Uneasy Money: In a couple of tweets to me and J. P. Koning, William Luther pointed out, I think correctly, that the validity of the backward-induction argument in my previous post explaining why bitcoins, or any fiat currency not made acceptable for discharging tax obligations, cannot retain a positive value requires that there be a terminal date after which bitcoins or fiat currency will no longer be accepted in exchange be known with certainty.The idea is that China will give up the currency FX management and bitcoin is no longer needed. But we will always have governments attempt capital controls, sufficient to maintain a bitcoin value. There will always be retail discounts points also. The idea that central banks determine one kind of coin only, no longer true. But, there will be one pure cash technology, one sandpit just like there is one internet.

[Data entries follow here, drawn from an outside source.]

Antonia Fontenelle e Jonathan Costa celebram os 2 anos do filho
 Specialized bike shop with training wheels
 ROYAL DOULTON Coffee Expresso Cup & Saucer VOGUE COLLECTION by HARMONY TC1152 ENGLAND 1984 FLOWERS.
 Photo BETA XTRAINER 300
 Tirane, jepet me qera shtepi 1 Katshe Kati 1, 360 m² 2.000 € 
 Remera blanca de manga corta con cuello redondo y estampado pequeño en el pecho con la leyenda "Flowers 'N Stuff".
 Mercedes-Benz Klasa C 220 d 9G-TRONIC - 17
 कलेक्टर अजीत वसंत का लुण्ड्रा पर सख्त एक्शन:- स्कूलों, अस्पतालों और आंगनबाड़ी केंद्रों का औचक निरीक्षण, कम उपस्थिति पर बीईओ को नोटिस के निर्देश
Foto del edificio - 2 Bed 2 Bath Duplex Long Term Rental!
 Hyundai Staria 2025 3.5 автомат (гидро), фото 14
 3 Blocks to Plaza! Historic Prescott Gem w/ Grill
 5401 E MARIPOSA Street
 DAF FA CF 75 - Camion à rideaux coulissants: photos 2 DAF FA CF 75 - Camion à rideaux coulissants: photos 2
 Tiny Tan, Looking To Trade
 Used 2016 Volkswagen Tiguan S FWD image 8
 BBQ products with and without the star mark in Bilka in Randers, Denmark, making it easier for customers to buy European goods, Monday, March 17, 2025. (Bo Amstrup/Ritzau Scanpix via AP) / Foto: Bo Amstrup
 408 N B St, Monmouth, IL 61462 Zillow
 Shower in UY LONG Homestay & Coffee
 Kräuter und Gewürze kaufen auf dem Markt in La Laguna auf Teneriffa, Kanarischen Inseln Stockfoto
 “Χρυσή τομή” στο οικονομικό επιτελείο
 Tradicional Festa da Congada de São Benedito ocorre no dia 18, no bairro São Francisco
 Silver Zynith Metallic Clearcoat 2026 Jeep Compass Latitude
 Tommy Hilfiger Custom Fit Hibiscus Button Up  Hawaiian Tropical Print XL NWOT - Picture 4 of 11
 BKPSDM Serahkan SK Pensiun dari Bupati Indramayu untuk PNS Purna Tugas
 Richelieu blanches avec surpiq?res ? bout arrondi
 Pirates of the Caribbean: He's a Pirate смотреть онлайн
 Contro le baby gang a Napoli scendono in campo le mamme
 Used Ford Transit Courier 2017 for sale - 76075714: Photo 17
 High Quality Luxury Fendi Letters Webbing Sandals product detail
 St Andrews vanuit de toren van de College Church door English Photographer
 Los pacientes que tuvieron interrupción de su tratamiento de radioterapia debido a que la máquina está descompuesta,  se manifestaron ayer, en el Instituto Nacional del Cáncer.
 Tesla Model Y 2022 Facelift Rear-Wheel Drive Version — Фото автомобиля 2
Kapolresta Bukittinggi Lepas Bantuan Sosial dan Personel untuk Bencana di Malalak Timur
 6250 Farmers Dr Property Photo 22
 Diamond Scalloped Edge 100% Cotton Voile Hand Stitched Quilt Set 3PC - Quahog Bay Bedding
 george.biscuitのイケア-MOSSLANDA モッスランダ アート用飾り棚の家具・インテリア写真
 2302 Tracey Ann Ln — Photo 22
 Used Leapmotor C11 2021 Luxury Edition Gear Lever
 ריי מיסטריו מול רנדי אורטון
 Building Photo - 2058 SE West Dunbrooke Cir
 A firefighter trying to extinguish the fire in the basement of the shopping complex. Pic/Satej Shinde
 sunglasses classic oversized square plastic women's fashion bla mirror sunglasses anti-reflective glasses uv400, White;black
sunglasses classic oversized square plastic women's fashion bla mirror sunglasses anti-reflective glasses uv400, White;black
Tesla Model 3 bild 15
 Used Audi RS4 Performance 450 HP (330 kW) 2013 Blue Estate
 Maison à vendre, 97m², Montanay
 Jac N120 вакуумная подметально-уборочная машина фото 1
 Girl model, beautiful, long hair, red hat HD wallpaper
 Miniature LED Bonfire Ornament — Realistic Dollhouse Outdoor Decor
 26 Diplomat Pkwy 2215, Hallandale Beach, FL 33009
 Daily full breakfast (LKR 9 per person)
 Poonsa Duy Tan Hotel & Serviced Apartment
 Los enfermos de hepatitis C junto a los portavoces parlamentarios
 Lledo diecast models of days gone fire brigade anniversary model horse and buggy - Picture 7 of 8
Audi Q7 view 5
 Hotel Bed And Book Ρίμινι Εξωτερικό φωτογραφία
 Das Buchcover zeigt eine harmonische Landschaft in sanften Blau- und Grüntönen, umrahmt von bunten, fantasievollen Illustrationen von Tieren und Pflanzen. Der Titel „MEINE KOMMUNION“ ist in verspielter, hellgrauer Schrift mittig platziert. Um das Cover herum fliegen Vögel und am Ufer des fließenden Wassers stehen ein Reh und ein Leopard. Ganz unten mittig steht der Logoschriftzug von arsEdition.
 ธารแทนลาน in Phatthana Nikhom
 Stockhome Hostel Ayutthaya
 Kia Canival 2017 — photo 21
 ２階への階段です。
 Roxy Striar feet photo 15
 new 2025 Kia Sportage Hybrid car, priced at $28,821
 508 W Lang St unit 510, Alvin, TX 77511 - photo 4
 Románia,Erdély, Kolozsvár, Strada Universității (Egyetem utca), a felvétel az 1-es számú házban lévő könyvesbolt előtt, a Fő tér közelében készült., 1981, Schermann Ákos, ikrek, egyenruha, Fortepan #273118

The case of central banking is typical
The central banks have a hedging ability,it ability to prohibit its own competition, or its ability to enforce ATM fees. Bitcoin removes that ability. The central banks and bitcoin together are, in total, less hedgable then either by itself; hence he aggregate always having the more accurate 'balance sheet'.
Value of a coin, or redeemability, is determined if the coin computes the precision of probability of arrival. A probability distribution can only be determined in aggregate through network effects, A simple translation of the S&Ln yield curve should result in the probability distribution of arrivals, by price.
There is something called base transaction costs, for example, the price of driving around stacks of paper cash. When that costs is driven to zero, theoretically, in the model, then financial math is greatly simplified. But, in fact, the technology is driving that cost to zero, the average person will be able to invest in amber, paying no more than the cost of watching adds while he checks on his bots. So, in reality, the world will be composed of 'coins' whenever their introduction significantly increases the accuracy of the distribution.
It is an encapsulation that results because the technology supports the sandbox model. A particular type of cash becomes an accounting instrument, but true cash technology, the card, is still mostly determined by the deployment of Fedcoin, which will have dominance. All the old rules apply, we just get about ten times more accurate in probability of arrivals.